Top of Data for review
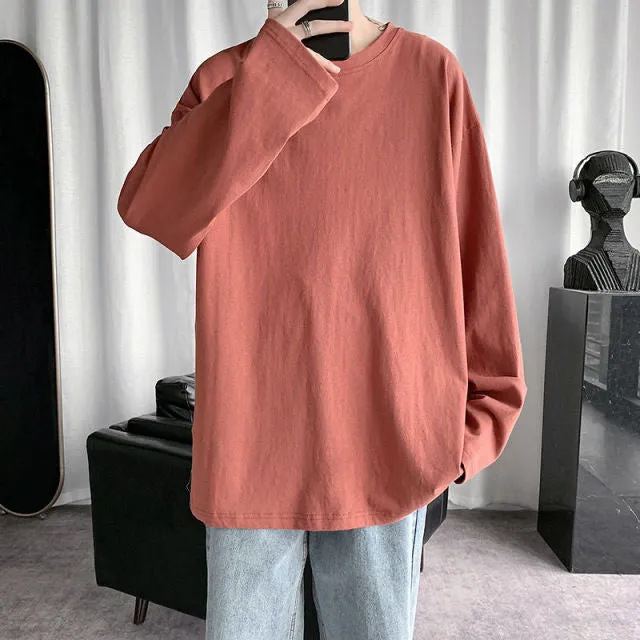 Voguable Spring Men's T-Shirt Solid Color Basic T shirt Round Neck Long Sleeve Tshirts Korean Couple Women Man Casual Tees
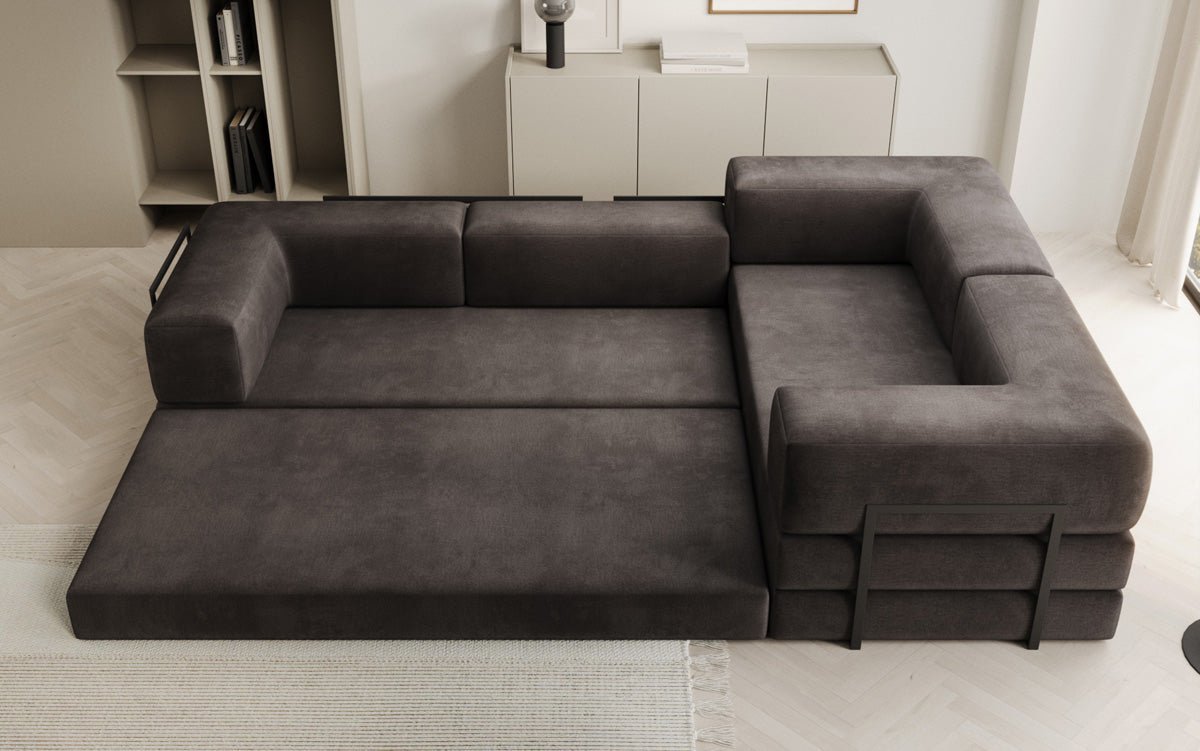 Designer Sofa Lazy L geschlossen in Samt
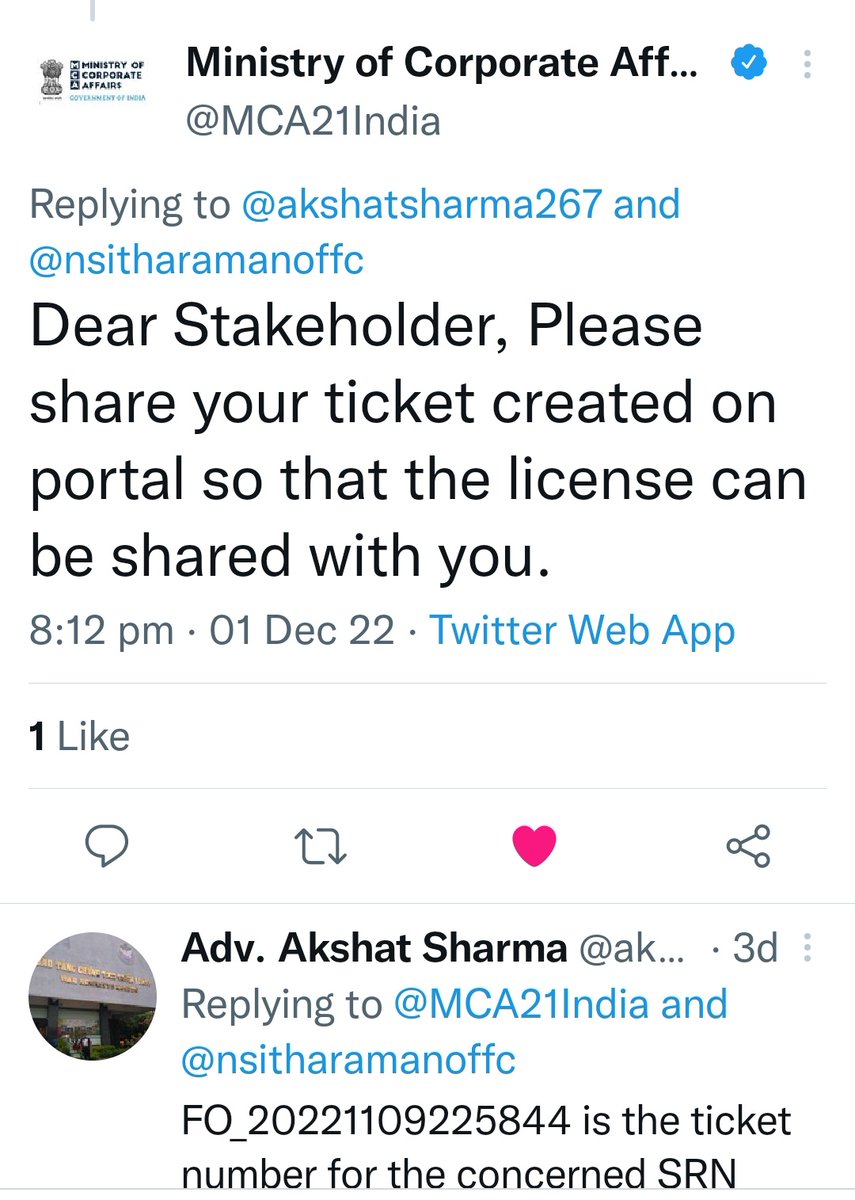 Adv. Akshat Sharma (@akshatsharma267) on Twitter photo Again Delay Delay by <a href="/MCA21India/">Ministry of Corporate Affairs</a> I got an assurance of Section 8 Licence for SRN F28082006
<a href="/MCA21India/">Ministry of Corporate Affairs</a> I provided you the ticket number but not yet received any licence on mail.
Ticket number is FO_20221109225844 please provide the license. Again Delay Delay by <a href="/MCA21India/">Ministry of Corporate Affairs</a> I got an assurance of Section 8 Licence for SRN F28082006
<a href="/MCA21India/">Ministry of Corporate Affairs</a> I provided you the ticket number but not yet received any licence on mail.
Ticket number is FO_20221109225844 please provide the license.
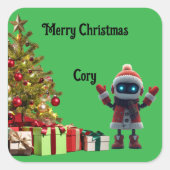 Autocollant de Noël de robot mignon de vacances (Devant)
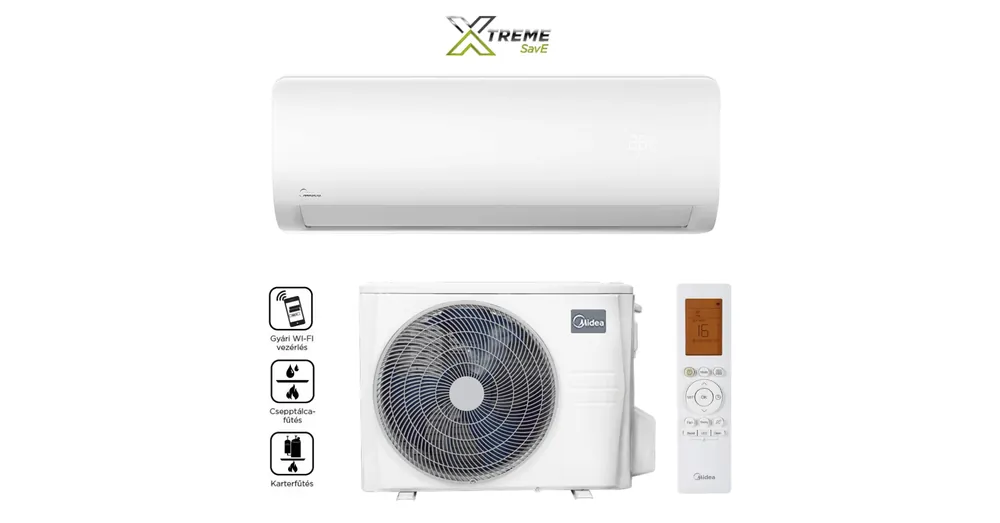 Midea Xtreme Save MG2X-09-SP oldalfali split klíma (2.6 kW) Biztonságos fizetés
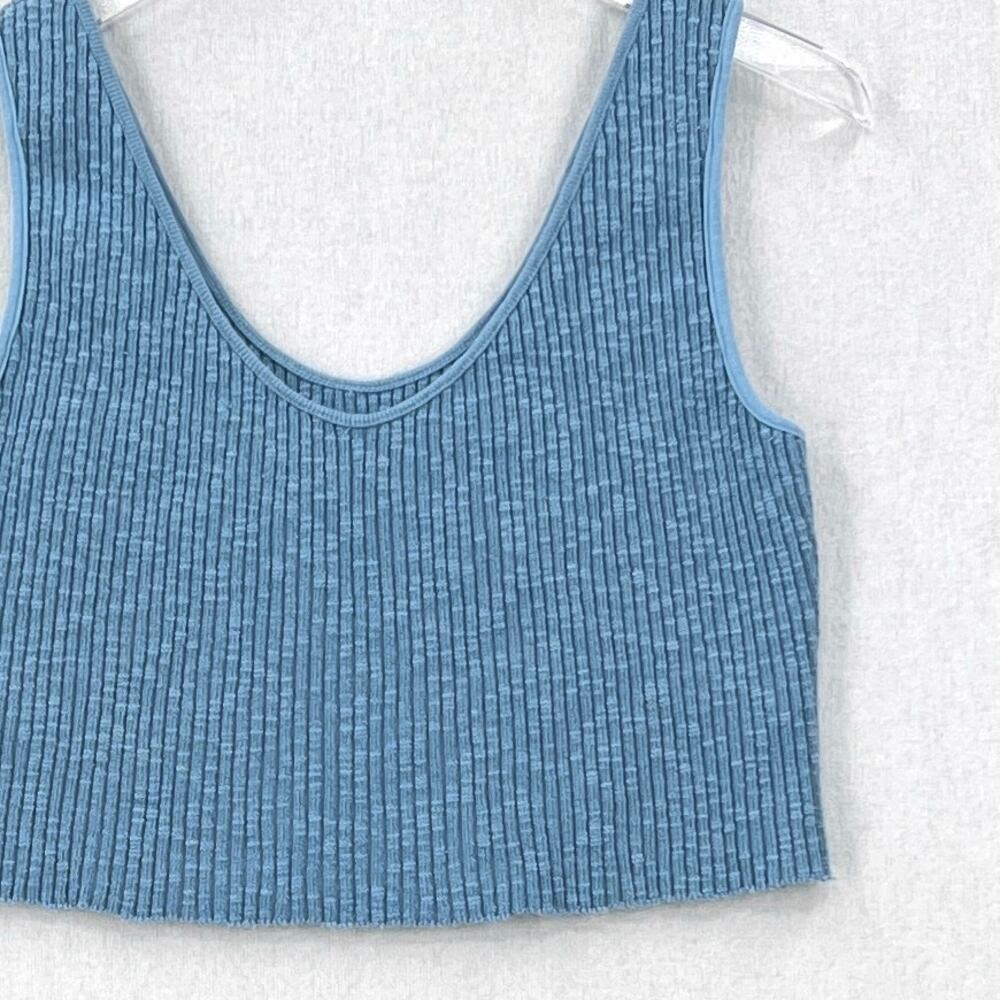 ENZA COSTA Rib Sweater Knit Cropped Tank Womens Medium Blue Stretch Wide Strap - Picture 7 of 13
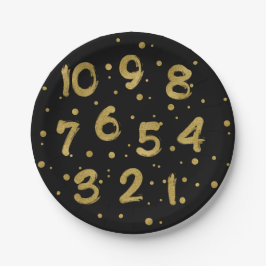 Plato De Papel Falsa cuenta regresiva de Relieves metalizados dor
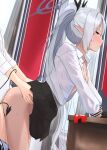  1boy 1girl ass blue_archive blush breasts clothes_pull collared_shirt dark-skinned_female dark_skin doggystyle grey_hair halo hetero highres iori_(blue_archive) long_hair long_sleeves medium_breasts mintchoco_(minchothudong) pants pants_pull pointy_ears red_eyes ribbon sex sex_from_behind shirt skirt skirt_pull solo_focus sweat tail torso_grab twintails 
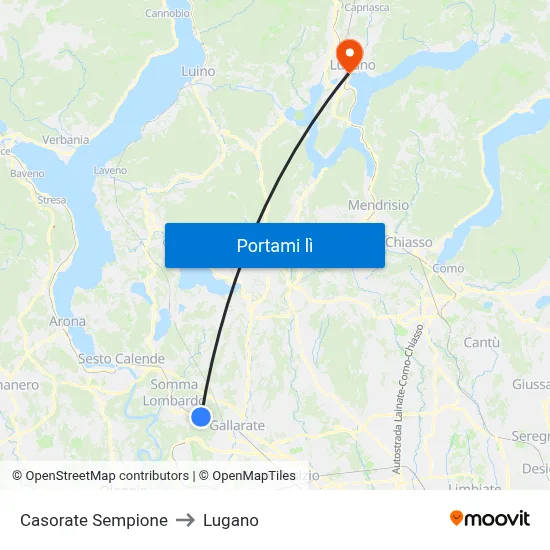 Casorate Sempione to Lugano map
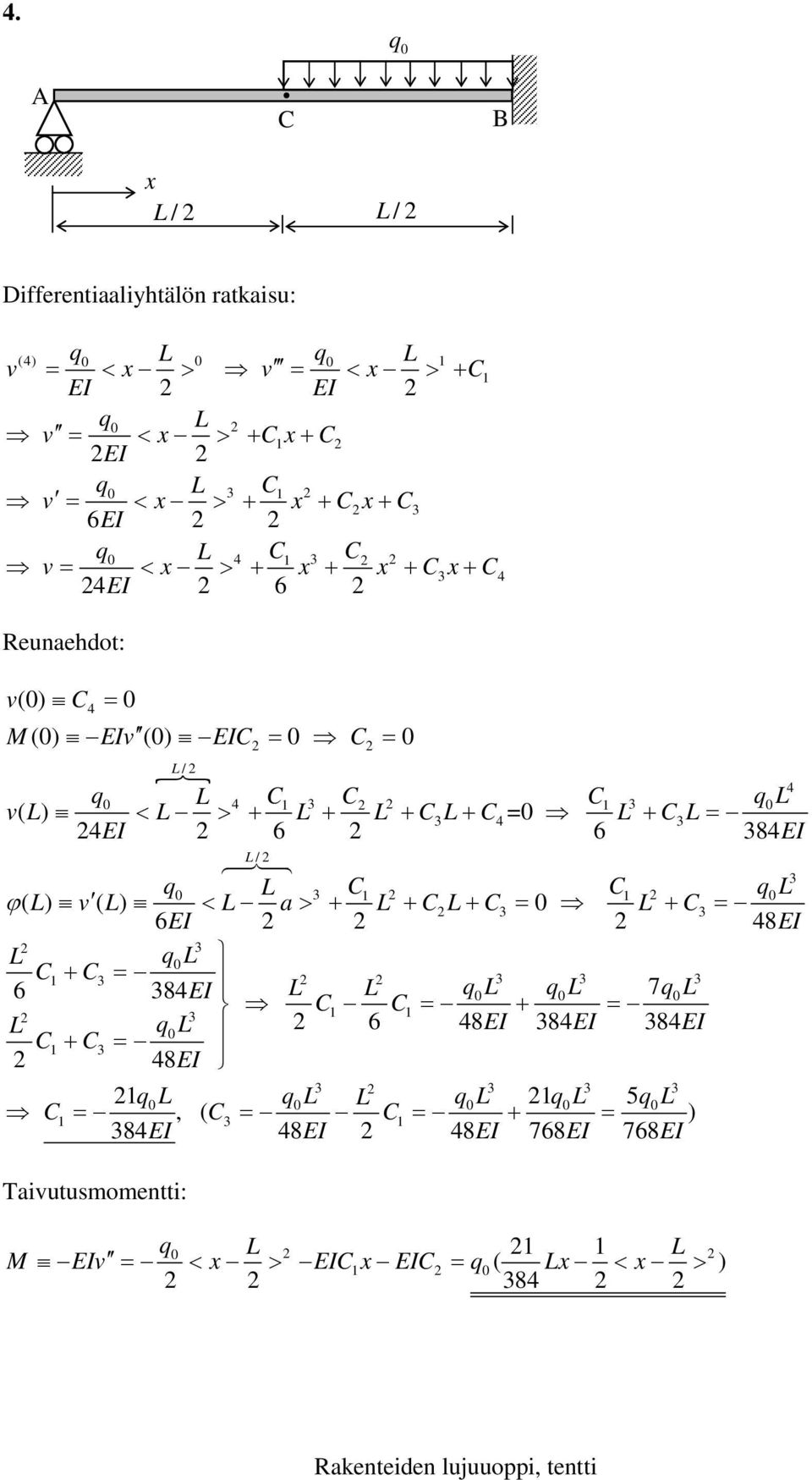 84EI L / q0 L q0 L ϕ( L) v ( L) < L a > + L + L+ = 0 L + = 6EI 48EI L ql 0 + = 6 84EI L L ql 0 ql 0 7qL 0 L = + = ql 6 48EI 84EI 84EI 0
Bottom of Data for review
*Problem to solve*: Would you copy, word for word, only the lines above from the one containing "Autocollant de Noël" through the one containing "Plato De Papel", both included, and please leave out the pictures?

*Result of the task*:
 Autocollant de Noël de robot mignon de vacances (Devant)
 Midea Xtreme Save MG2X-09-SP oldalfali split klíma (2.6 kW) Biztonságos fizetés
 ENZA COSTA Rib Sweater Knit Cropped Tank Womens Medium Blue Stretch Wide Strap - Picture 7 of 13
 Plato De Papel Falsa cuenta regresiva de Relieves metalizados dor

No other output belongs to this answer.